1. Introduction

Recent years the non-Hermitian physics, especially parity-time ($\mathcal {PT}$) symmetry [1–7], has attracted much attention in the society of optics, because it provides an additional degree of freedom in manipulating the dynamics of optical waves. Nevertheless, the requirement on proper strength of gain and loss effects hinders the realistic applications of $\mathcal {PT}$ symmetric optics. The advances of other categories of non-Hermitian optics, e.g. anti-$\mathcal {PT}$ symmetry [8–11], might overcome this drawback because gain and loss are not strictly required.

The simplest configuration in studying $\mathcal {PT}$ symmetric optics is two parallel waveguides (WGs). Such a kind configuration can be readily studied by using Maxwell’s equations, and it supports some intriguing optical effects especially the stopped light at exceptional points (EPs) [12–15] that separate the conserved and broken $\mathcal {PT}$ phases [16–20]. However, for an optical wave propagating inside a WG, it contains multiple important physical parameters especially the wavevector $k$ charactering the propagation of phase front and the Poynting vector $S$ presenting the propagation of energy flux. They carry different informations about the wave, and might have different directions of propagation [21,22]. The extreme situation is that in a negative-index material (NIM) with simultaneous negative magnetic permeability ($\mu _\text {NIM}<0$) and electric permittivity ($\epsilon _\text {NIM}<0$), where the direction of $k$ is opposite to that of $S$ [23–27]. However, non-Hermitian feature of coupled WGs containing NIM has not been extensively discussed. Only recently do we notice that Mealy et al. [28] have showed that EP of degeneracy can be obtained in two coupled WGs by a proper coupling of forward and backward waves, where the backward waves are generated by a proper designed grating.

In this article, we check the optical waves in coupled WGs made of NIM and positive-index material (PIM). A PIM has positive magnetic permeability and electric permittivity, and covers all the dielectric materials in nature. We show that the guided modes in this system also support non-Hermitian feature, even when all the constituent media are loss-free. At a given angular frequency and WG thicknesses, the wavevector $k$ of the eigenmodes and the associated eigenvectors vary with the distance $a$ between the two WGs, and they coalesce at a critical value of $a_c$ below which the wavevector $k$ becomes complex. This phase transition point is an EP. A simple non-Hermitian coupled-mode theory is utilized to explain our results, which implies that the field dynamics induced by NIM belongs to anti-$\mathcal {PT}$ symmetry.
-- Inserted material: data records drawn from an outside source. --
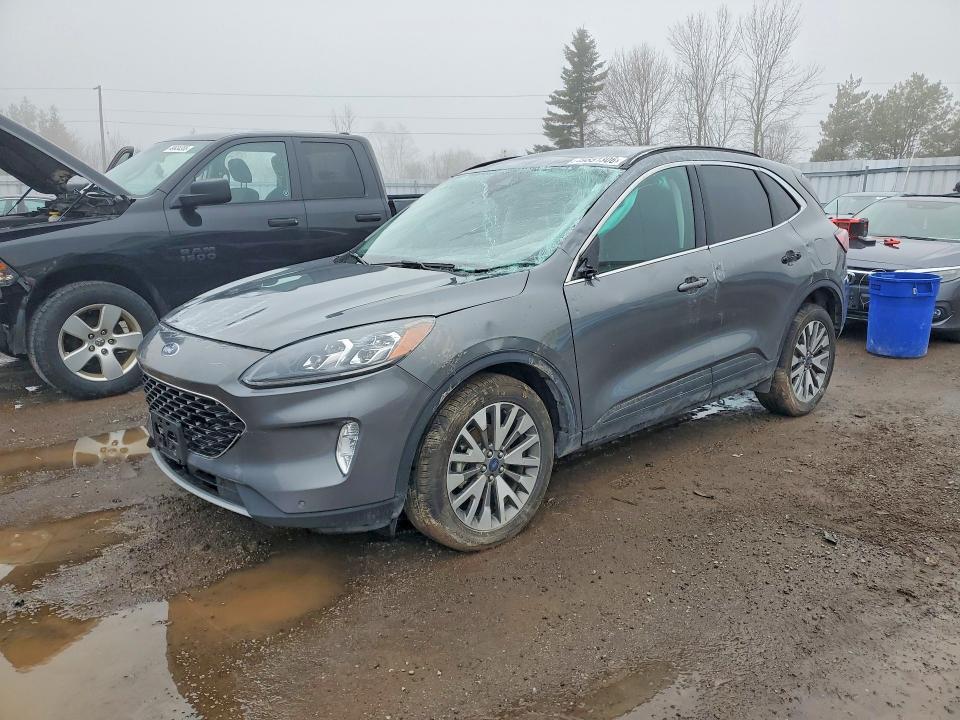2022 Ford Escape Titanium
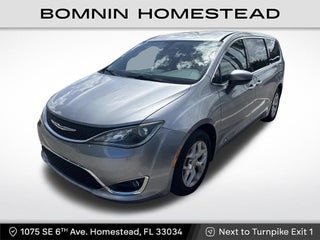 2017 Chrysler Pacifica Touring Plus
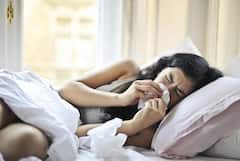 Monsoon Health Care Tips: āĻā§āĻŦāϰ, āϏāϰā§āĻĻāĻŋ-āĻāĻžāĻļāĻŋ-āĻšāĻžāĻāĻāĻŋ, āĻ
ā§āϝāĻžāϞāĻžāϰā§āĻāĻŋ... āϏāĻŦāĻ āĻŦāϰā§āώāĻžāϰ āϏāĻā§āĻā§, āύāĻŋāĻā§āĻā§ āϏā§āϏā§āĻĨ āϰāĻžāĻāϤ⧠āĻā§ āĻā§ āĻāϰāĻŦā§āύ?
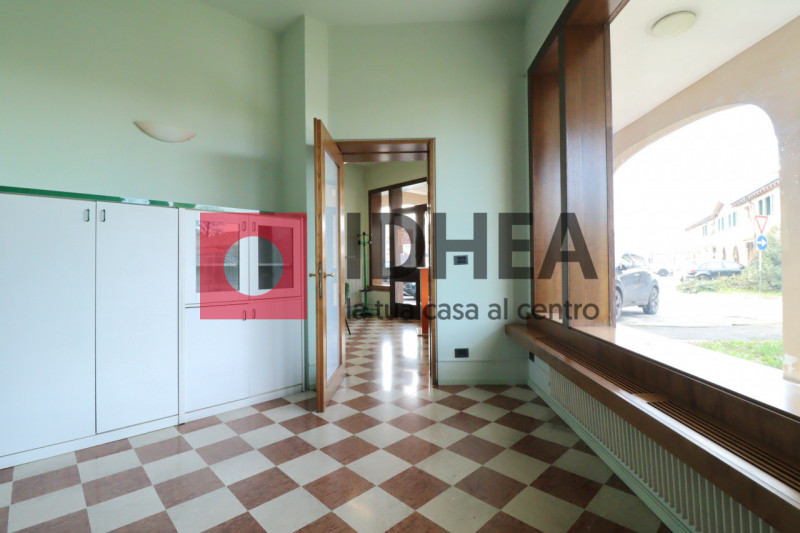 VILLORBA - CARITA'

L'indirizzo segnalato è puramente indicativo al solo Comune dell'annuncio tra...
Features at EPs including the slow-light effect are discussed.This study highlights the important novelties of NIM, especially its great potential in the study of non-Hermitian optics by bypassing many restrictions of $\mathcal {PT}$ symmetry.

2. Simulation and analysis

Let us consider the simple structure shown in Fig. 1. It contains two straight WGs made of lossless media surrounded by air. One WG is PIM, and we assume that it is a dielectric of $\epsilon _\text {PIM}=4$ and $\mu _\text {PIM}=1$. The other WG is a NIM that has been discussed by various authors [29–31]. The well documented structure of NIM with $\epsilon _\text {NIM}=1-\omega _p^2/\omega ^2$ and $\mu _\text {NIM}=1-F\omega ^2/(\omega ^2-\omega _0^2)$ can be utilized here, where $\omega _p=2\pi \times 10$ GHz, $\omega _0=2\pi \times 4$ GHz, and $F=0.56$ [29–31]. An effective NIM is achieved between 4 GHz and 6 GHz.

 

Fig. 1. Schematic of the configuration under investigation, which contains two straight WGs made of lossless media. One medium is a dielectric with $\epsilon _\text {PIM}>0$ and $\mu _\text {PIM}=1$, while the other one is a NIM with $\epsilon _\text {NIM}=-3$ and $\mu _\text {NIM}=-0.556$.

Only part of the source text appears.